McGowan began with the patron of the seminary's chapel, St. Luke, and thought about what kind of medicine He offers. To describe the wrong answer, he offered the famous quotation by the great Yale theologian, Richard Niebuhr, about liberal Protestantism:  “a God without wrath brought men without sin into a Kingdom without judgment through the ministrations of a Christ without a cross.”  McGowan then equated this implicit indictment with a more recent summation of liberal Protestant sentiment. Smith and Denton, in their study of the beliefs of contemporary teens, came up with “moralistic therapeutic deism.”  Each word underscores our own autonomy, God serving as a resource around the edges. These phrases certainly adhere to much of the discourse of our own Episcopal Church and indeed to a recess in each of our hearts.
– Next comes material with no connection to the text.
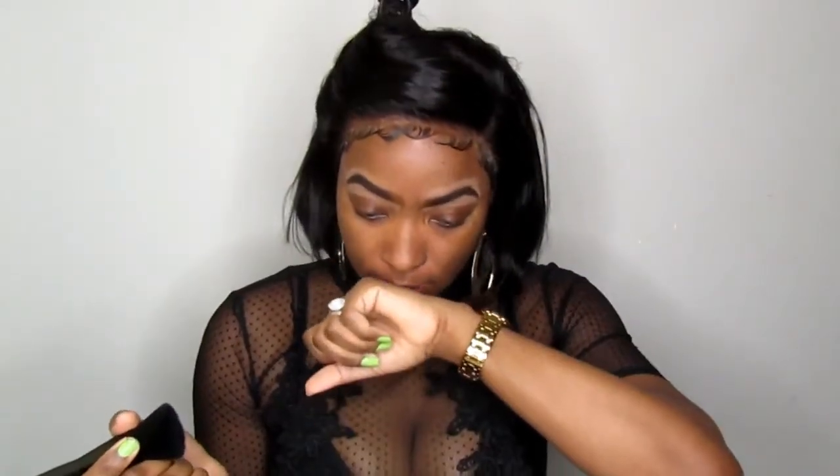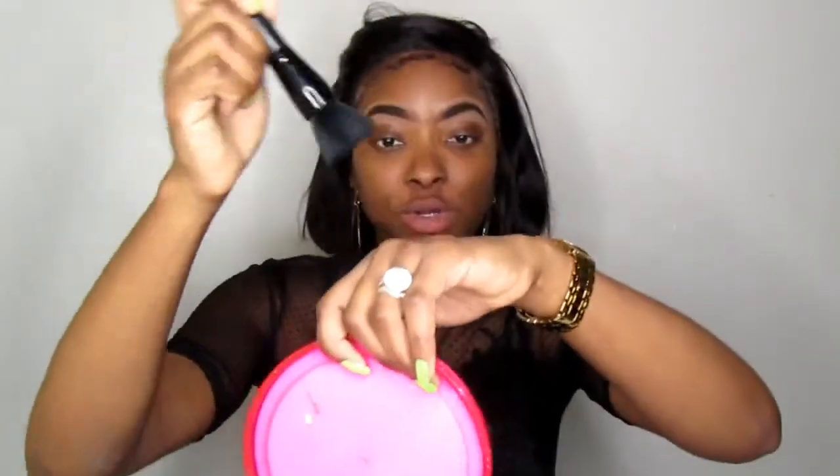I'm going to squirt a little bit on the back of my hand. It's kind of a thick formula — it reminds me of the Estée Lauder foundation, but I think the Estée Lauder is a little bit runnier than this. It looks like it could be yellow or red undertone; I'm not sure. I'm a yellow undertone. It has a really nice scent — not overbearing — and I hope the scent disappears as soon as you apply it, because I hate foundations where you keep smelling the scent on your skin.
The history of my seminary is one with stretches of just this kind of cultural accommodation in the optimistic American mode, interspersed with episodes of awakening to the more radical kind of healing offered. Maybe something similar is always true if the Church. We might think of the liturgy as a kind of wake up call embedded in the Church's ordinary life.

Peace,

+GRS

 

Complete the Race (II Timothy 4:17)

At the end of our vacation we find ourselves in Chicago for its Marathon weekend (the fastest, I have read this morning, perhaps because it is cool and relatively level). Marathons offer many good things. You can see world-class athletes from places like Ethiopia and Kenya. There is a feel of fiesta with signs by family members, getups by some for-fun runners, and food for sale.

But as I looked out my hotel window at 7:30 a.m., I watched the race of competitors who have lost legs or their use. Wheeling vehicles by arm for 26 miles means serious fitness and determination.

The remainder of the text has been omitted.